Nuestro corazón está invadido por la imagen que ha creado Juan Pablo II en la Tertio Millenio Adveniente: «El tiempo en realidad se ha cumplido por el hecho de que Dios, mediante la Encarnación, se ha metido dentro de la historia del hombre. La eternidad ha entrado en el tiempo: ¿qué “cumplimiento” mayor que éste?, ¿qué otro “cumplimiento” sería posible?».

6. Con esta fe se desarrolla la esperanza, que hace que cualquier tentativa humana de liberación, personal y colectiva, sea estimada y consagrada en su carácter positivo eterno, como vehículo profético que mantiene despierta una expectativa de totalidad que se manifestará al final de la historia. «Ha llegado la hora. Padre, glorifica a tu hijo, como tu hijo te ha glorificado».

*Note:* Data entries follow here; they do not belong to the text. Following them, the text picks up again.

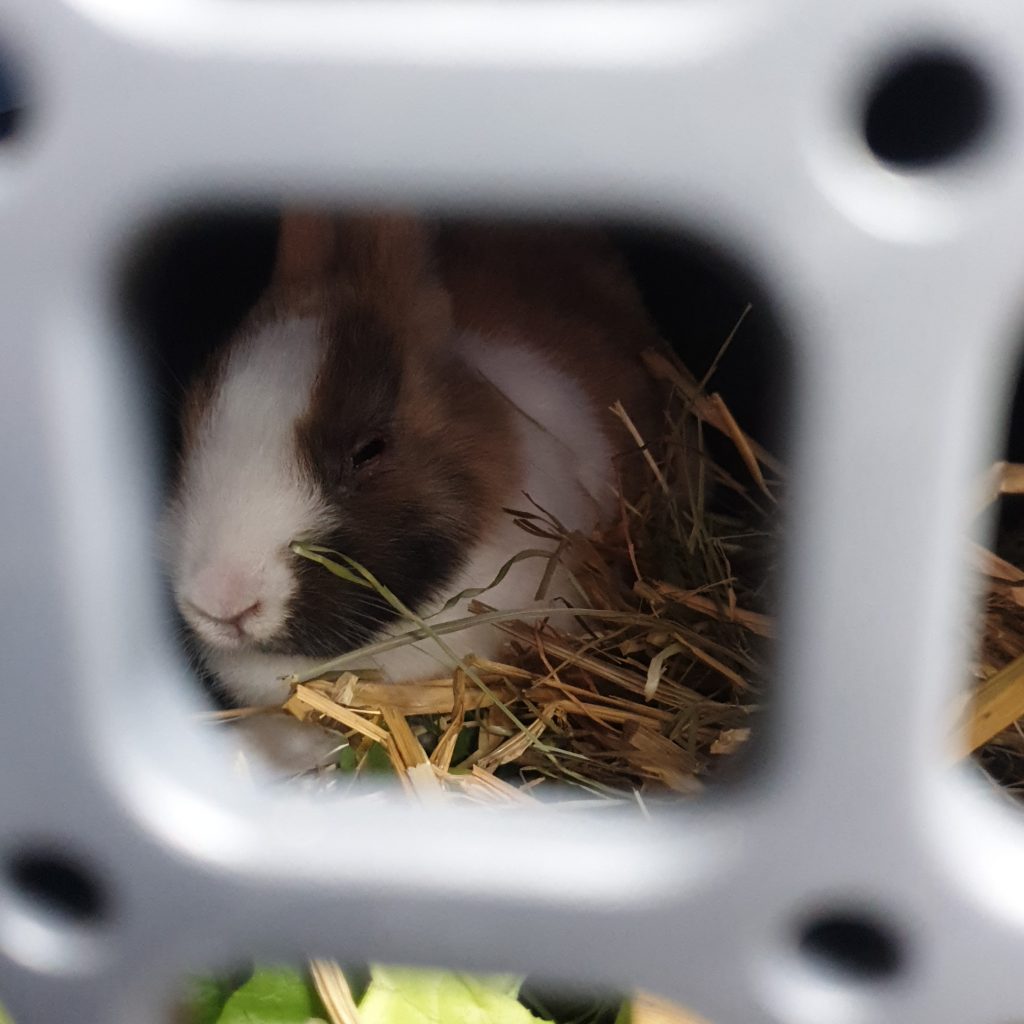 Weiß-braunes Zwergkaninchen mit Krankheitsanzeichen ist durch das Gitter der Transportbox zu sehen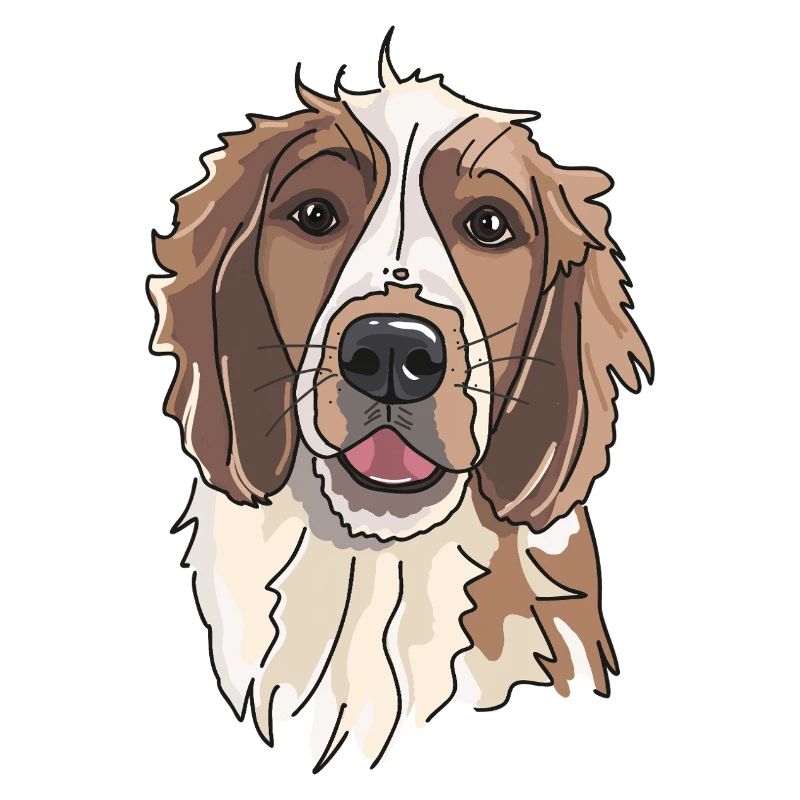 Welsh Springer Spaniel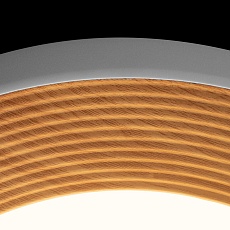 Потолочный светильник Loft IT Folk 10255/500 White 2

Esta esperanza escatológica provoca una actividad que tiende a encontrarse con toda presencia humana que esté comprometida del mismo modo (ecumenismo) y, dado el carácter aproximativo inevitable que tiene cualquier construcción poéticamente consistente, hace asomarse a toda muerte –es decir, a todo término– la misericordiosa victoria del bien.
Así el amor resulta posible incluso al enemigo, al tirano, por la caridad del Último y para el Último, como ofrecimiento apasionado a lo Divino, aún cuando esa pasión no sea consciente de todos los esfuerzos humanos.